The feasibility and advantages of synchrotron imaging have been demonstrated to effectively characterise fracture initiation and propagation in shales during indentation tests. These include 1) fast (minute-scale) and high-resolution (μm-scale) imaging of fracture initiation, 2) concurrent spatial and temporal information (4D) about fracture development, 3) quantification and modelling of shale deformation prior to fracture. Imaging experiments were performed on four shale samples with different laminations and compositions in different orientations, representative of three key variables in shale microstructure. Fracture initiation and propagation were successfully captured in 3D over time, and strain maps were generated using digital volume correlation (DVC). Subsequently, post-experimental fracture geometries were characterised at nano-scale using complementary SEM imaging.

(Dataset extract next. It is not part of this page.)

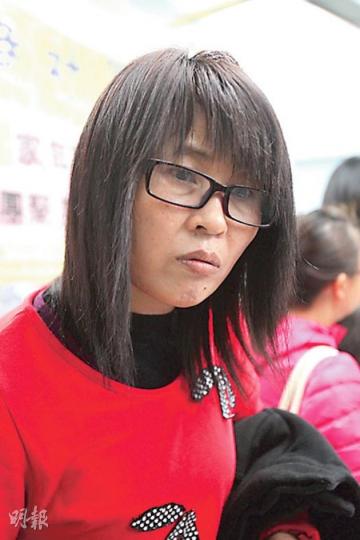 戴女士（圖）等了10年終能領取身分證，得以在港工作，收入大增。她說兒子正在大學念會計，有信心再過數年可以脫貧。（林俊源攝）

Characterisation results highlight the influence of microstructural and anisotropy variations on the mechanical properties of shales. The fractures tend to kink at the interface of two different textures at both macroscale and microscale due to deformation incompatibility. The average composition appears to provide the major control on hardness and fracture initiation load; while the material texture and the orientation of the indentation to bedding combine to control the fracture propagation direction and geometry. This improved understanding of fracture development in shales is potentially significant in the clean energy applications.

Suggested Citation

  • Ma, Lin & Fauchille, Anne-Laure & Chandler, Michael R. & Dowey, Patrick & Taylor, Kevin G. & Mecklenburgh, Julian & Lee, Peter D., 2021. "In-situ synchrotron characterisation of fracture initiation and propagation in shales during indentation," Energy, Elsevier, vol. 215(PB).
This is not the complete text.